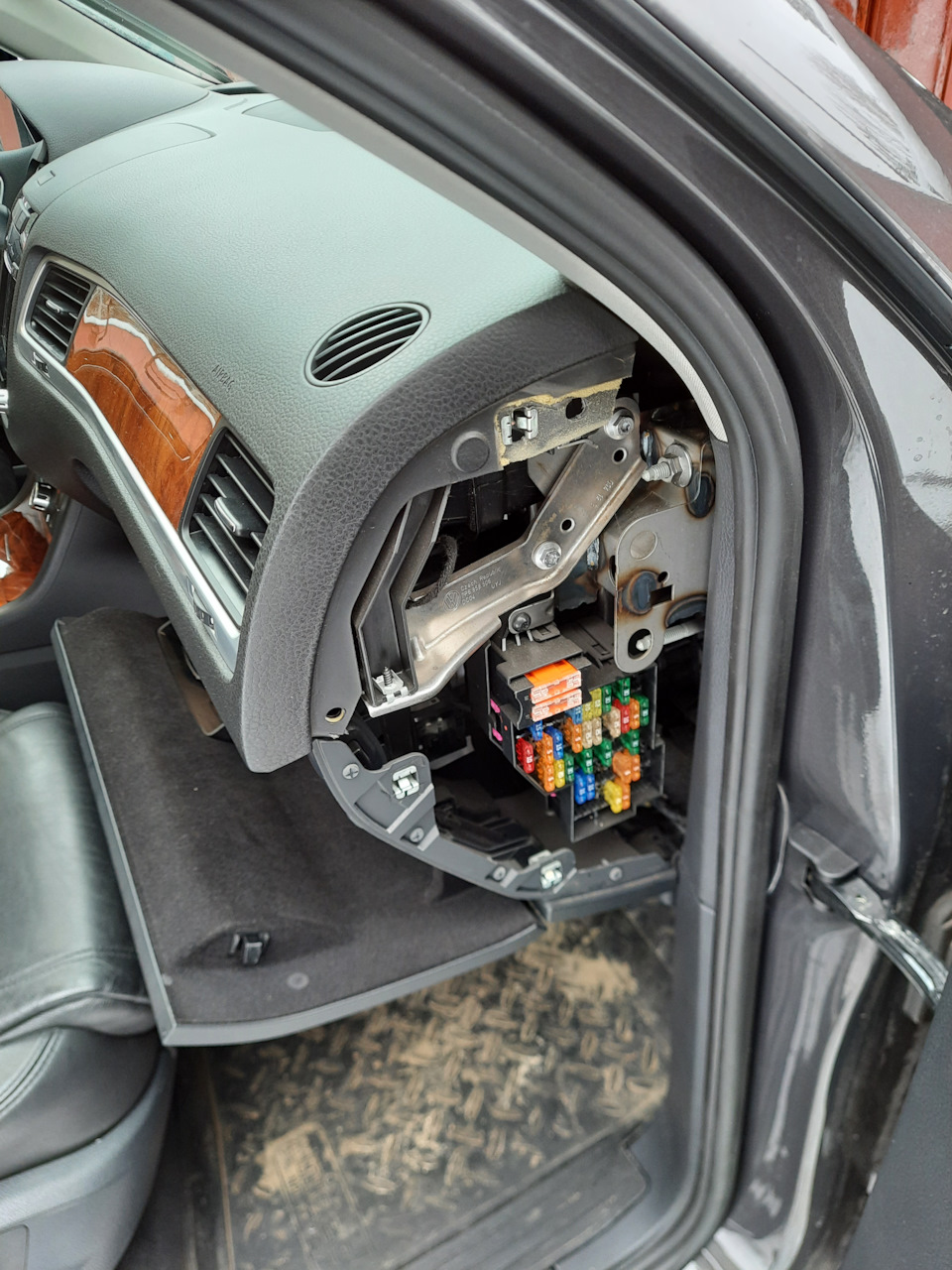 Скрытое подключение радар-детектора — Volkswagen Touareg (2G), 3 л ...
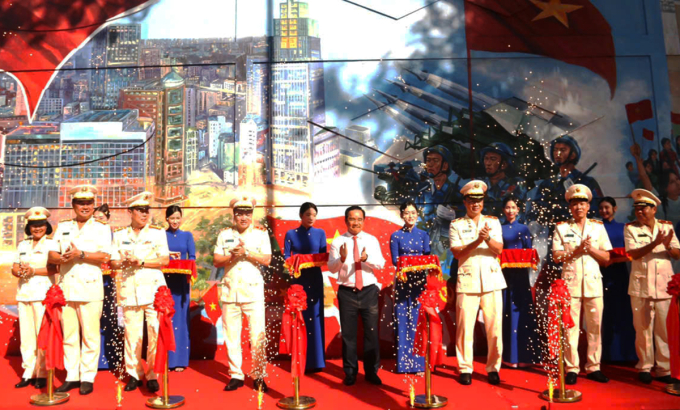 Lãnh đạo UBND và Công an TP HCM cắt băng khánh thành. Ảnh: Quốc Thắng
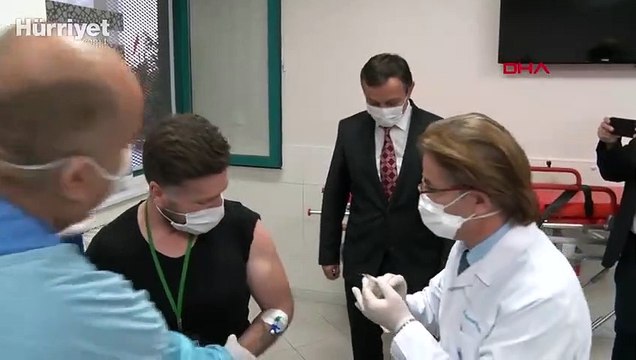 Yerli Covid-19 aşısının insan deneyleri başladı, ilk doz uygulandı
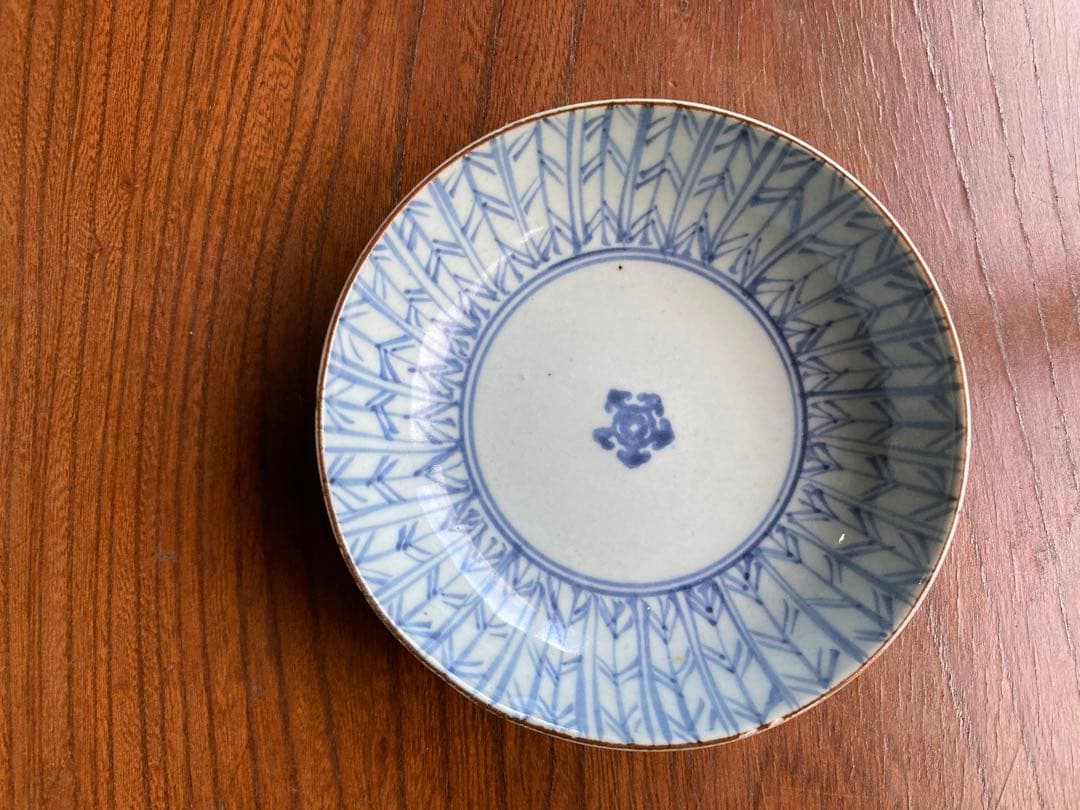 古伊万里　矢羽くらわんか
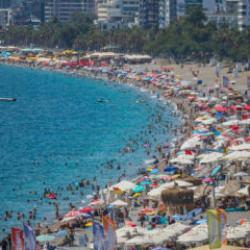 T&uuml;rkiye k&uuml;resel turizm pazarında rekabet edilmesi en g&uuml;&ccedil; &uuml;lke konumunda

...

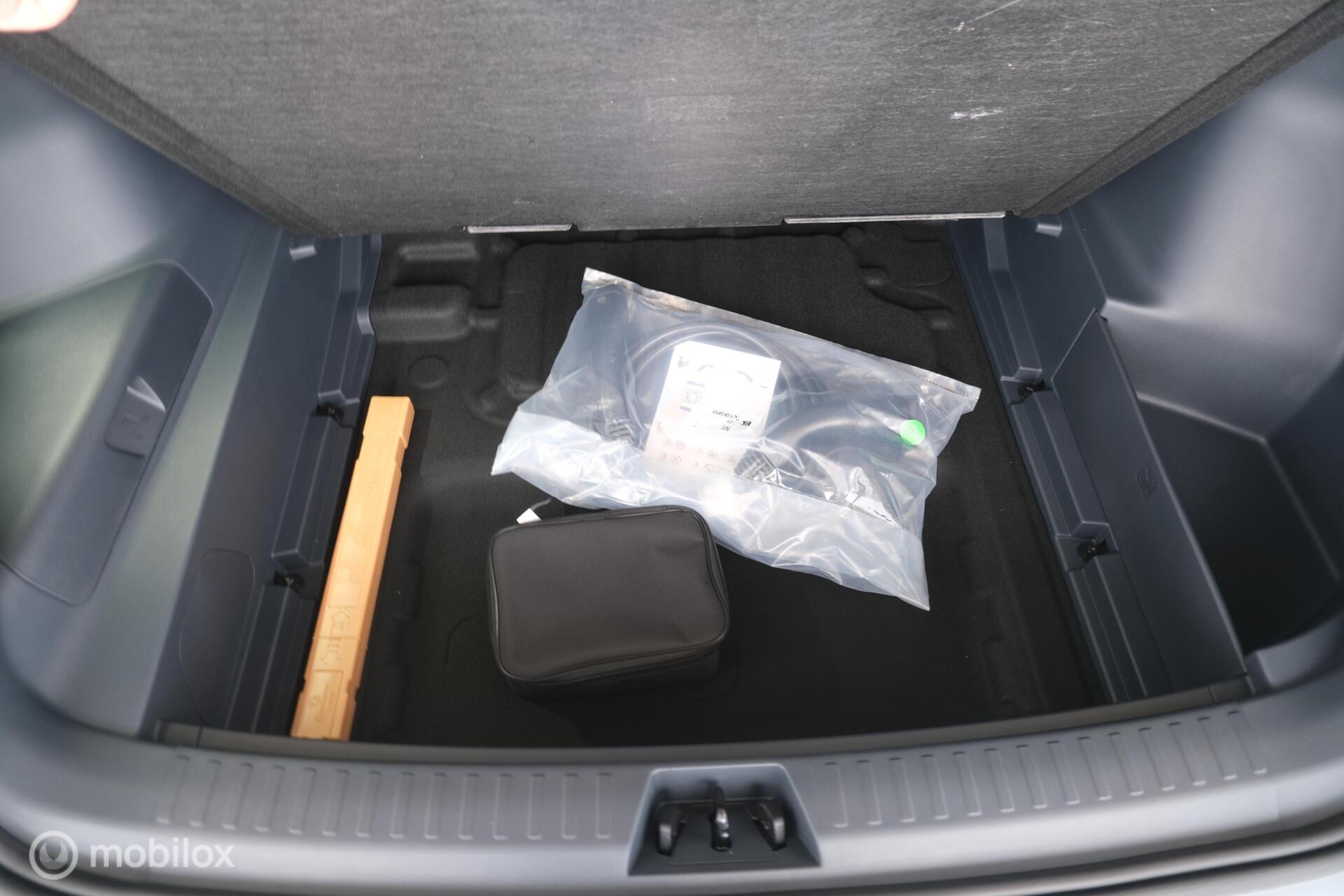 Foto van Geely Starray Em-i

* * *

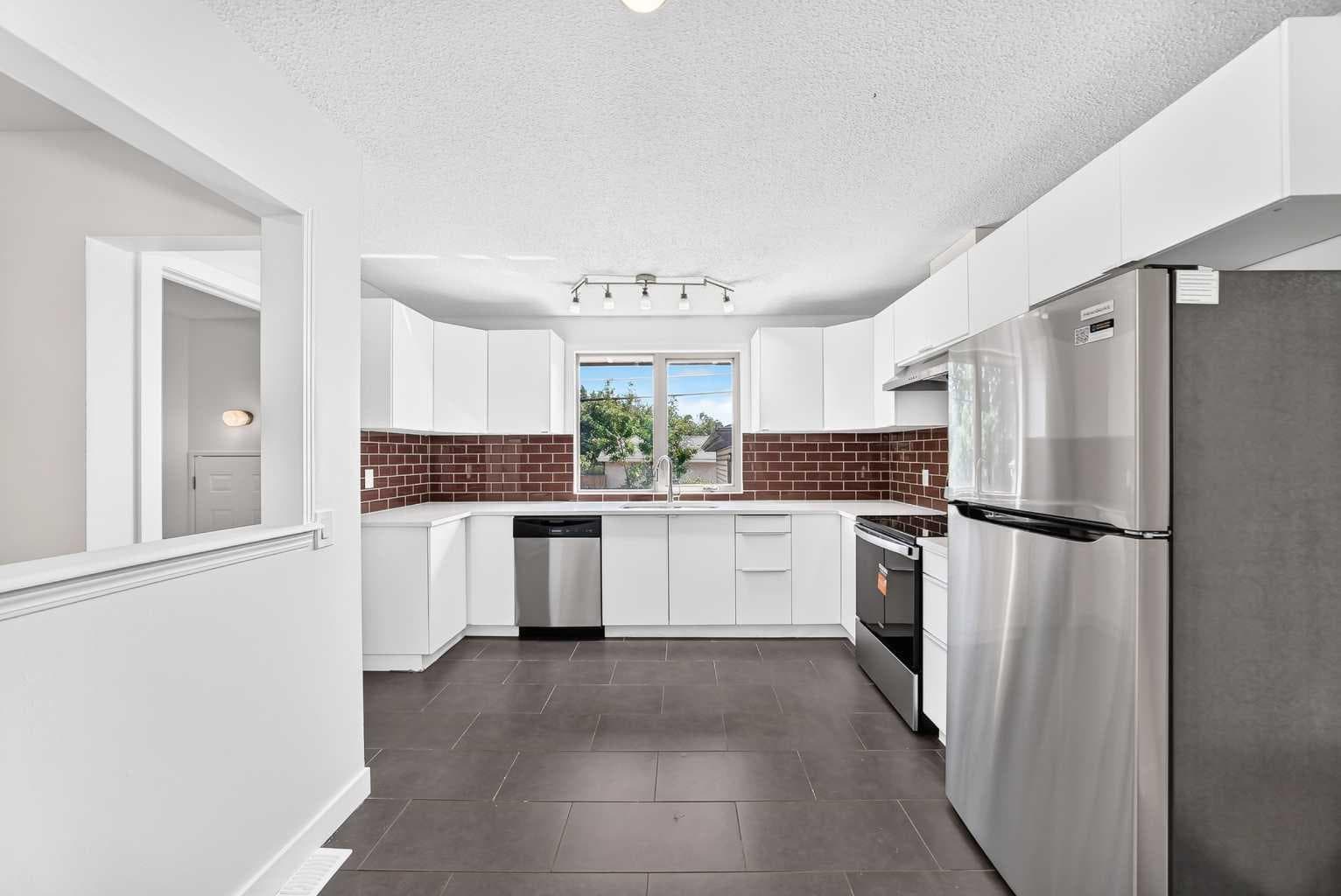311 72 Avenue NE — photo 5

What to produce:
Leaving every picture aside, reproduce exactly the lines above from the one with "Lãnh đạo UBND" up to and including the one with "T&uuml;rkiye k&uuml;resel turizm", and no others.

Solution below:
 Lãnh đạo UBND và Công an TP HCM cắt băng khánh thành. Ảnh: Quốc Thắng
 Yerli Covid-19 aşısının insan deneyleri başladı, ilk doz uygulandı
 古伊万里　矢羽くらわんか
 T&uuml;rkiye k&uuml;resel turizm pazarında rekabet edilmesi en g&uuml;&ccedil; &uuml;lke konumunda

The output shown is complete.